Nell'intensa prova dell'attrice Mouna Hawa, nella strenua lotta del suo personaggio all'interno della propria famiglia per questioni legate ai soldi, è facile vedere un legame tra Inshallah A Boy e Leila e i suoi fratelli, recente film iraniano. Così anche la pellicola giordana, passata al Festival di Cannes 2023, è un dramma serratissimo, in cui il preciso contesto socio-culturale fa da sfondo alle vicende private dei protagonisti, e non viceversa. Dopo l'improvvisa morte del marito, Nawal (Hawa) si ritrova a dover gestire la piccola figlia Nora e gli ingenti debiti lasciati dall'uomo. A farle pressione è soprattutto il cognato Rifqi (Hitham Omari), desideroso di ottenere la casa e la custodia della bambina. Senza un contratto sottoscritto, tutti i beni diventano infatti proprietà del parente maschio più prossimo: l'unica soluzione per la donna sarebbe far nascere un figlio maschio, e così lei decide di dichiarare una falsa gravidanza.

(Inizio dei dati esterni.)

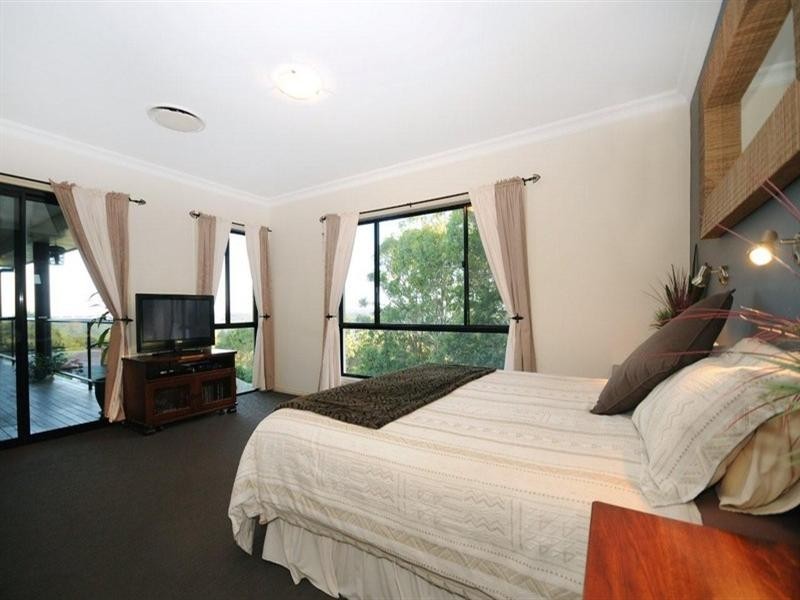 18 Trafalgar Street, Middle Ridge QLD 4350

L'esordio alla regia di Amjad Al Rasheed è veramente notevole. Inshallah A Boy racconta la presa di coscienza di una donna e la sua capacità di resilienza nella società patriarcale araba, che non le lascia vita facile. In quanto vedova non dovrebbe uscire di casa per dieci mesi, ma come può attenersi a questa imposizione se deve comunque continuare a lavorare per sopravvivere? Come può trovare spazio di manovra con figure maschili e le stesse istituzioni che le stringono il cappio al collo? Di fronte a questo quadro, Nawal non si dà per sconfitta e trova supporto in Lauren, nipote della signora a cui fa da badante, che decide di non accettare una gravidanza indesiderata e un marito traditore. Il discorso si allarga ed emergono questioni molto forti. Eppure il film, non tralasciando la componente narrativa, non si limita ad essere operazione a tesi o di denuncia.

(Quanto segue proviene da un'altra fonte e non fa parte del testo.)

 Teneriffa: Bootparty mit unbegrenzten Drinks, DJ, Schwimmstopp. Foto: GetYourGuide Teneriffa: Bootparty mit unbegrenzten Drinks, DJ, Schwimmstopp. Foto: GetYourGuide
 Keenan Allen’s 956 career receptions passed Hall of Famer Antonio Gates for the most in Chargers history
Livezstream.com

Nume tutelare del regista è infatti anche il Cristian Mungiu di 4 mesi, 3 settimane, 2 giorni: una critica forte al suo Paese che passa una struttura da asfissiante thriller. Anche Inshallah A Boy costruisce un intreccio complesso, pieno di piccoli colpi di scena e rivelazioni a sorpresa (fino a quella finale) che facilitano l'immedesimazione dello spettatore e tengono alto il ritmo. Notevole inoltre il lavoro di messa in scena: la macchina da presa segue i personaggi nella loro quotidianità, spesso vicino ai loro volti; altre volte li mostra a distanza dal ciglio della porta o inserendo un elemento di disturbo nell'inquadratura. Modi di veicolare il senso di angoscia e oppressione non tramite educativi e artificiosi dialoghi, ma tramite il linguaggio proprio del Cinema. Scelte perfette per far passare con naturalezza e efficacia il "messaggio" che il film intende lasciare.